Content starts
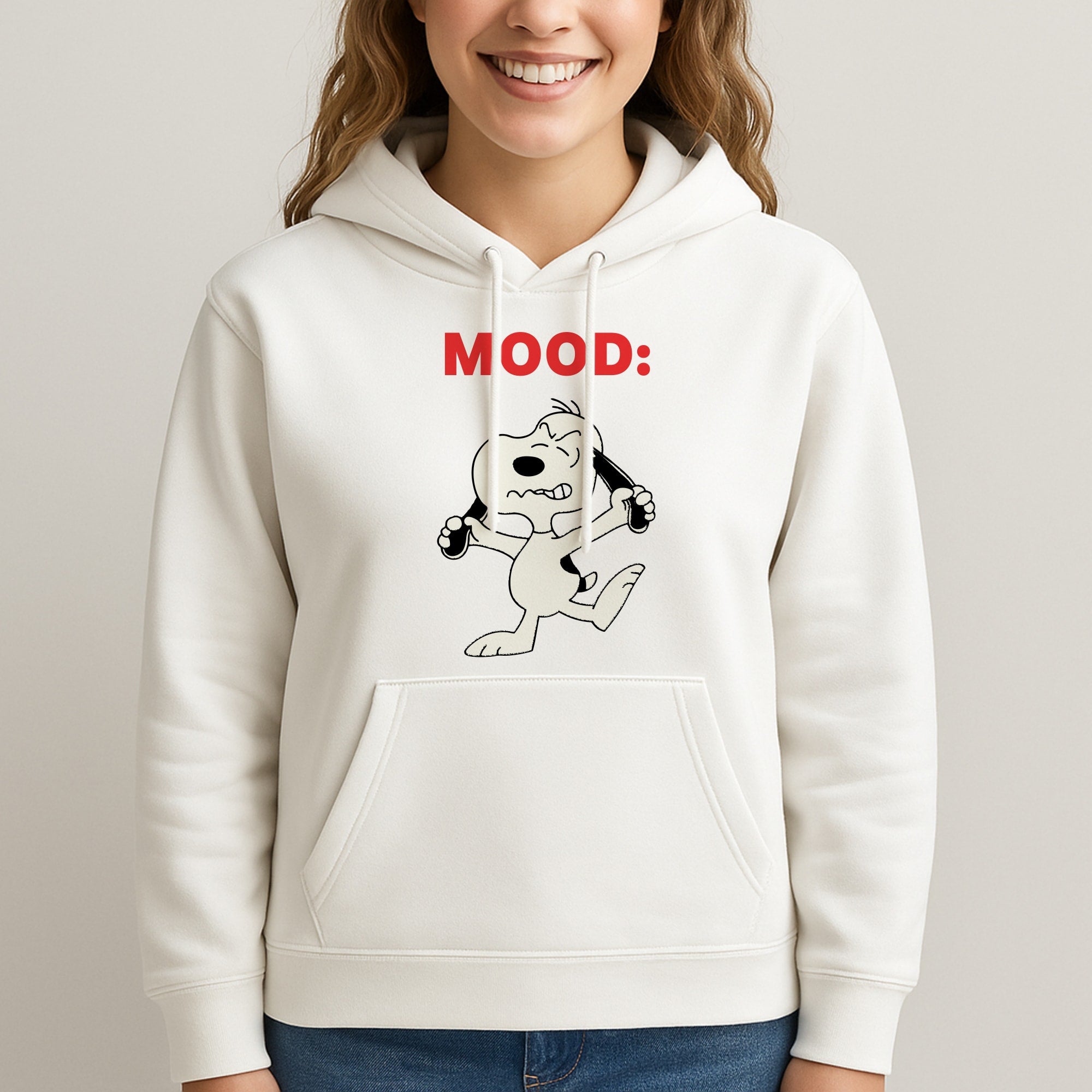 Mood Cartoon Beagle Unisex Hooded Sweatshirt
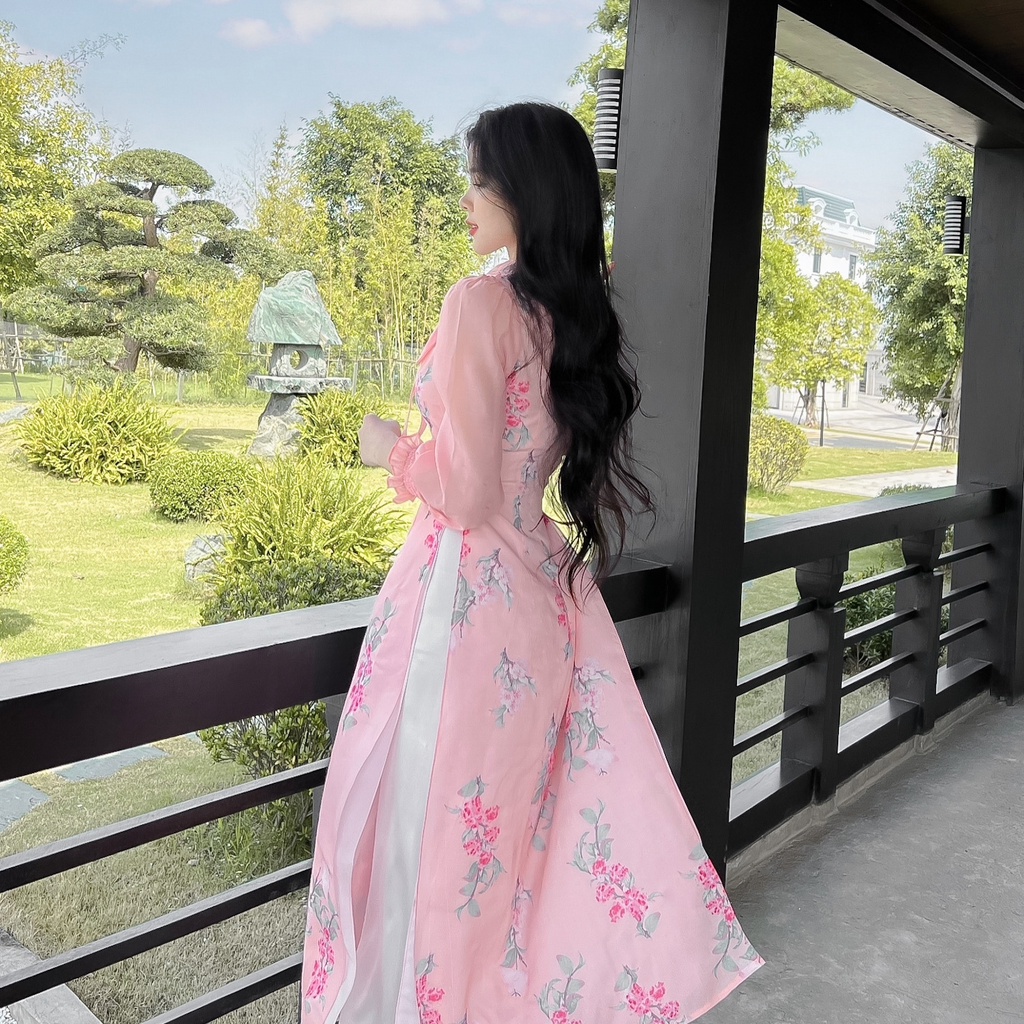 Áo dài cách tân hoa cổ nơ thiết kế chính hãng GIIAN, áo dài nữ vai bồng tay bo chun - AD270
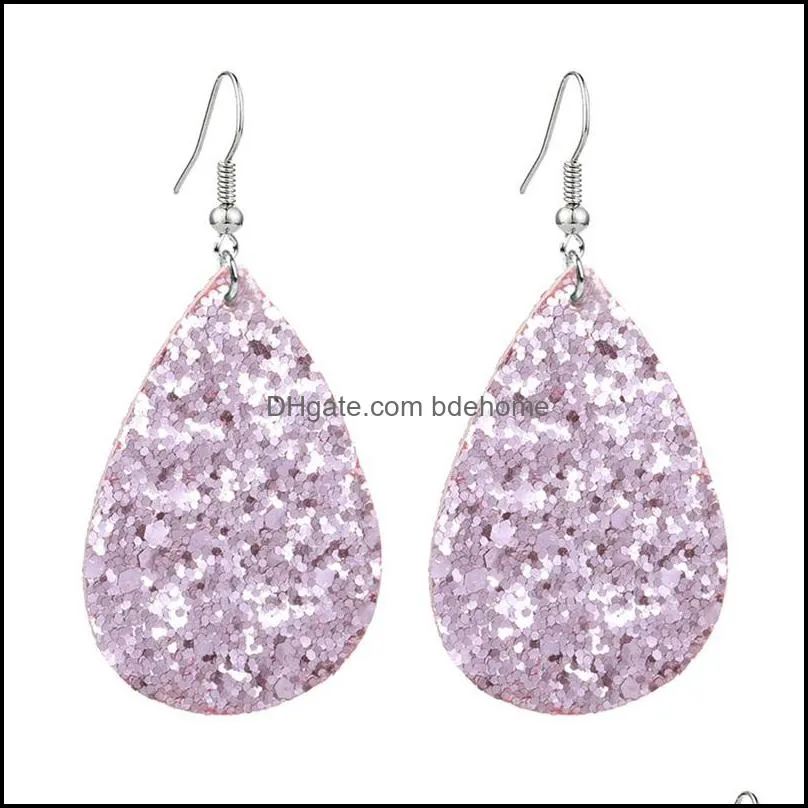 classic sequin glitter pu leather dangle earrings for women personalized star teardrop jewelry statement earrings 3588 q2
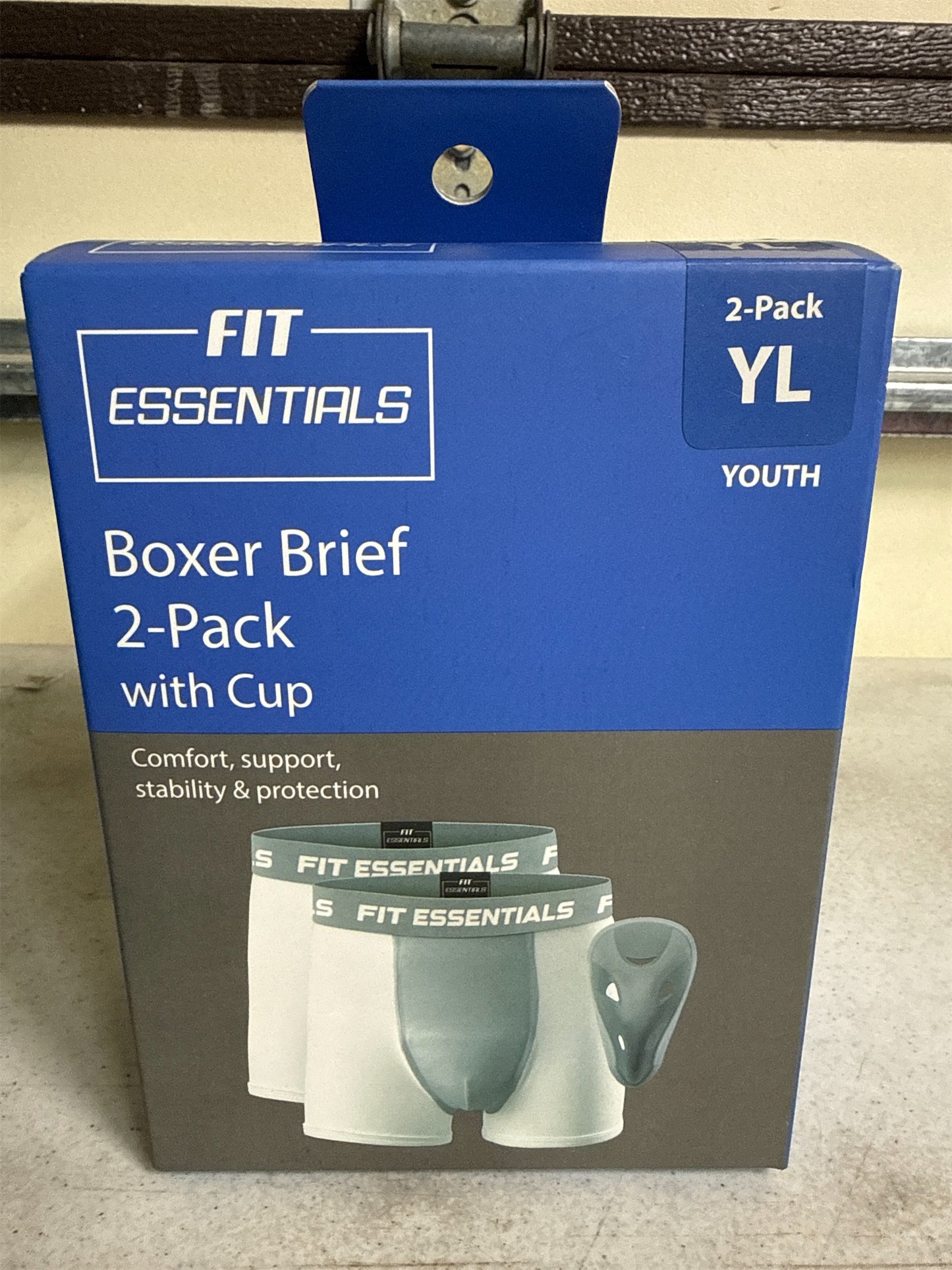Fit Essentials Youth Boxer Briefs with Athletic Cup, 2-Pack - Youth Large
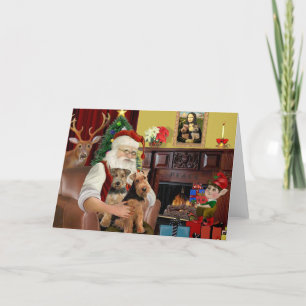 Santa's Welsh Terriers (TWO) Holiday Card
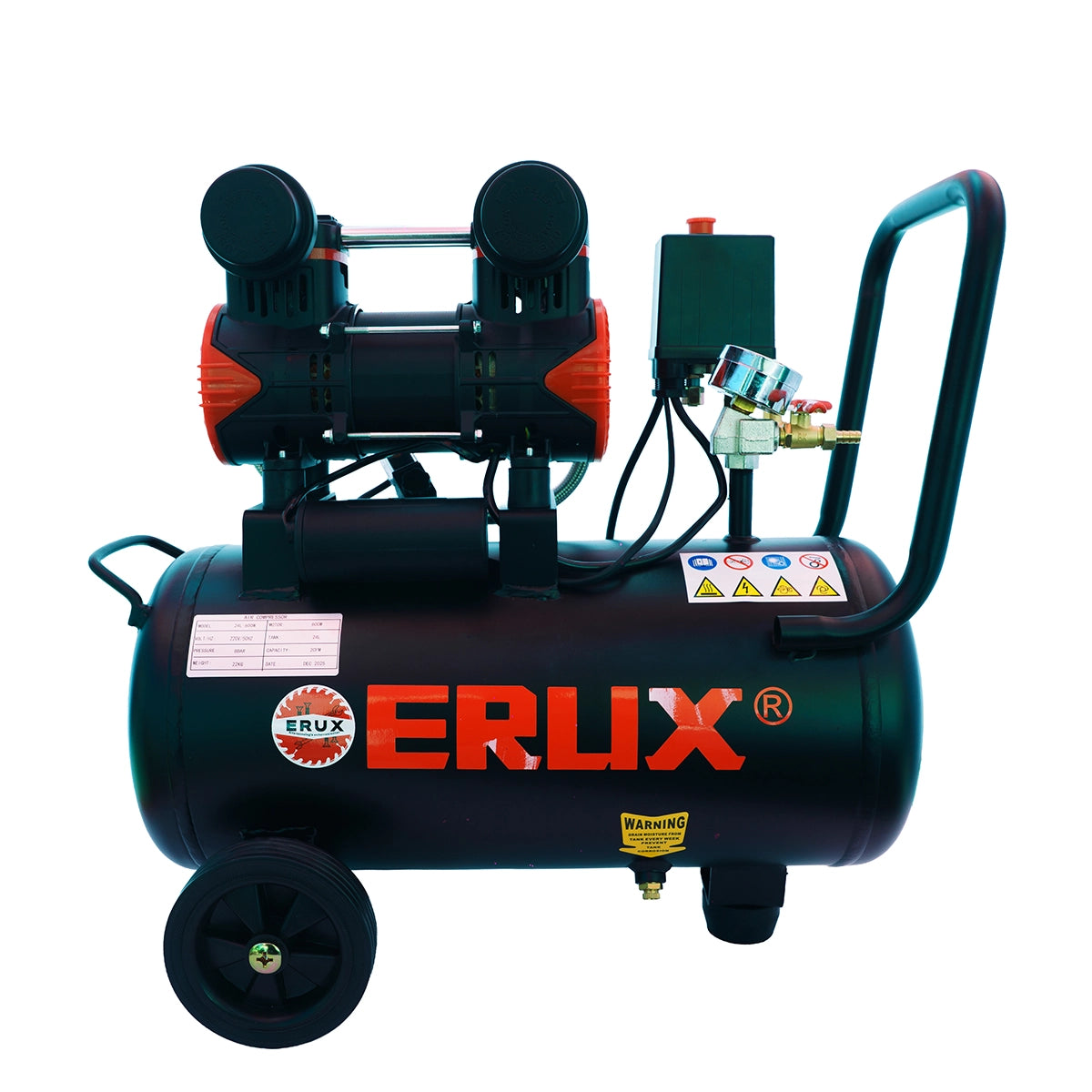 Compresor de Aire 24l 600w Silencioso-motor Oil Free Erux ERUX - Repuesto de alta calidad para Compresores de Aire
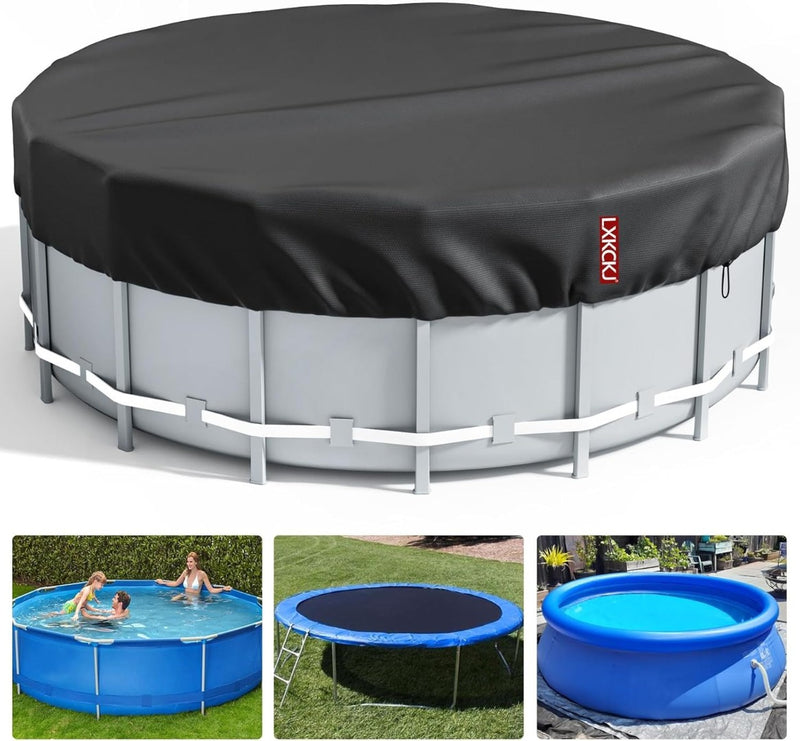 12ft Round Pool Cover - Solar Cover - Waterproof and Dustproof - 370cm - Black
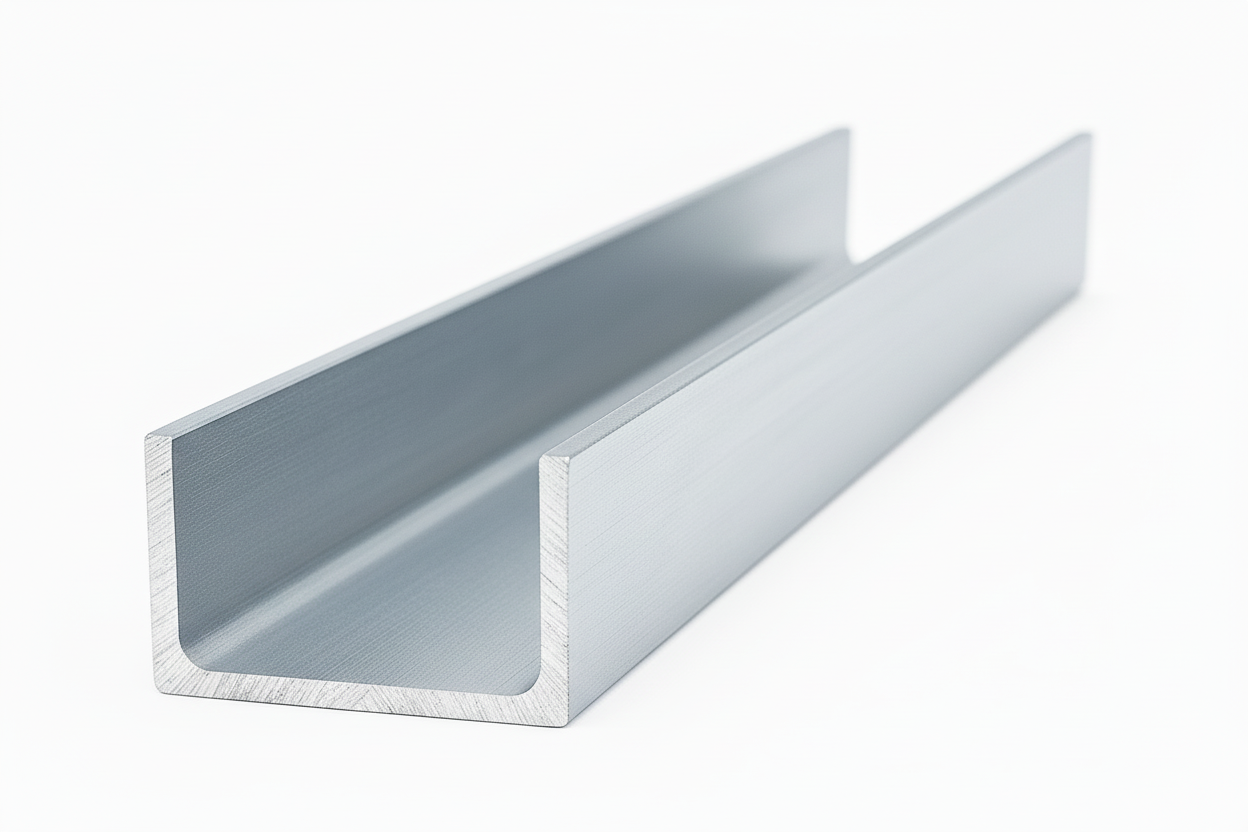 Aluminum channel on a white background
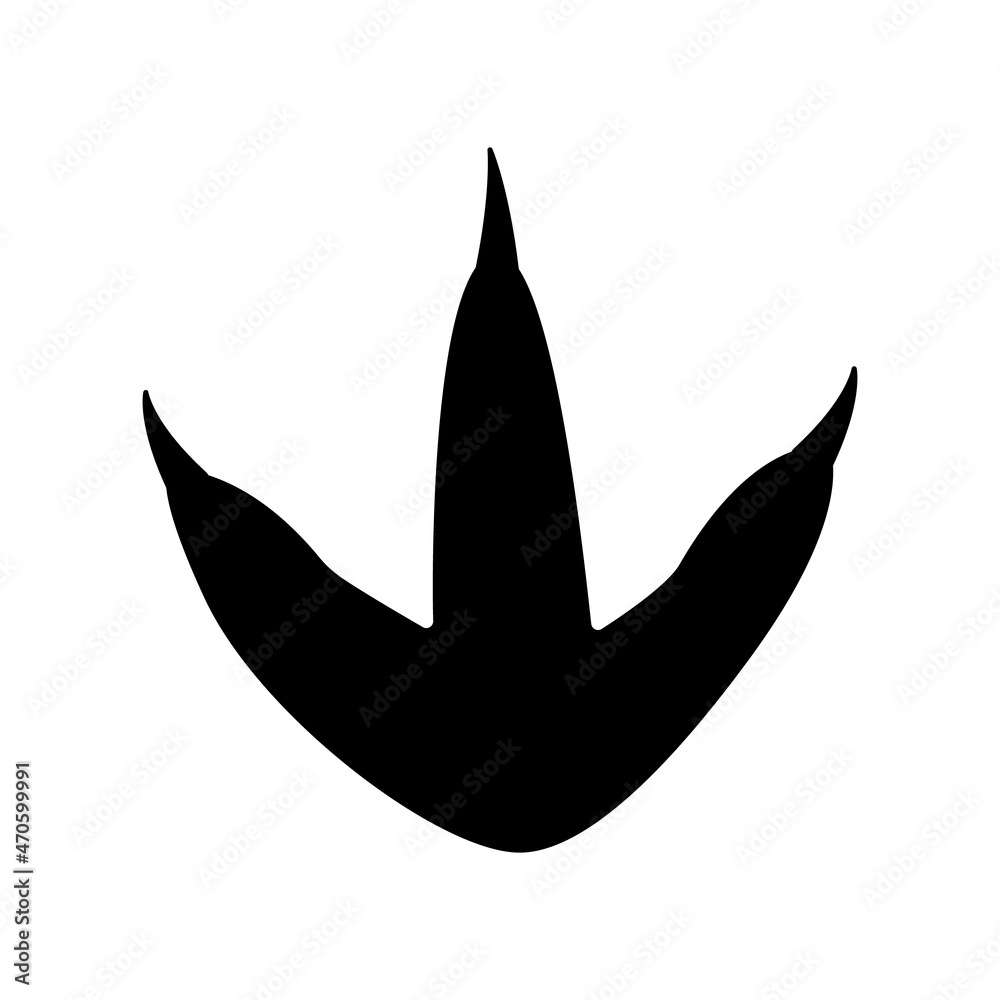 Dinosaur footprint. Black silhouette. Dinosaur paw print. Vector illustration isolated on white background Dinosaur footprint. Black silhouette. Dinosaur paw print. Vector illustration isolated on white background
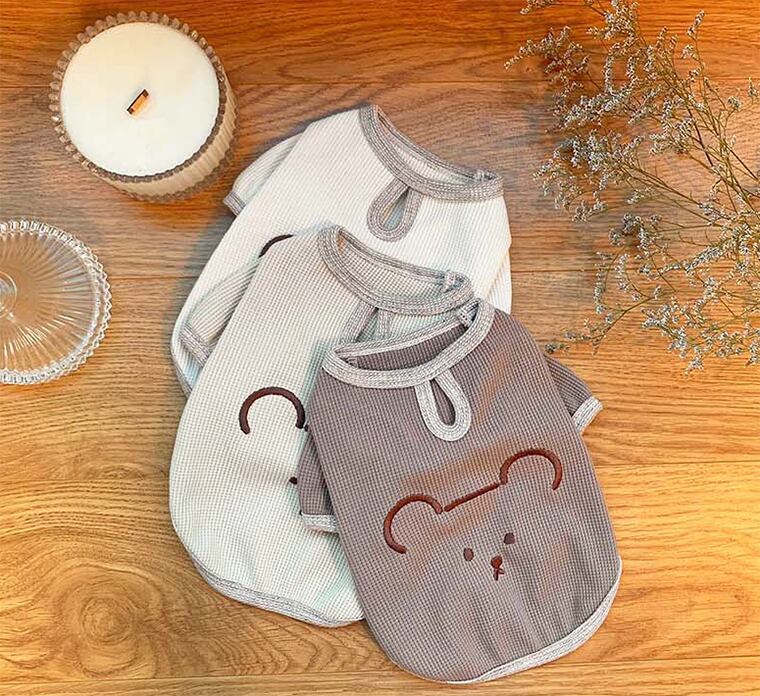 【SALE】rino bear t-shirt XS ~ XL 3color / 犬服 新作 可愛い ワンコ服 犬の服 長袖T シャツ ドッグウェア クマちゃん シンプル ニット お揃い トップス top12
Content ends
PROBLEM TO WORK ON: Nothing but the lines from the first line of the data through the line with "classic sequin glitter" belongs in the answer, copied exactly and without pictures.

RESPONSE TO THE TASK:
 Mood Cartoon Beagle Unisex Hooded Sweatshirt
 Áo dài cách tân hoa cổ nơ thiết kế chính hãng GIIAN, áo dài nữ vai bồng tay bo chun - AD270
 classic sequin glitter pu leather dangle earrings for women personalized star teardrop jewelry statement earrings 3588 q2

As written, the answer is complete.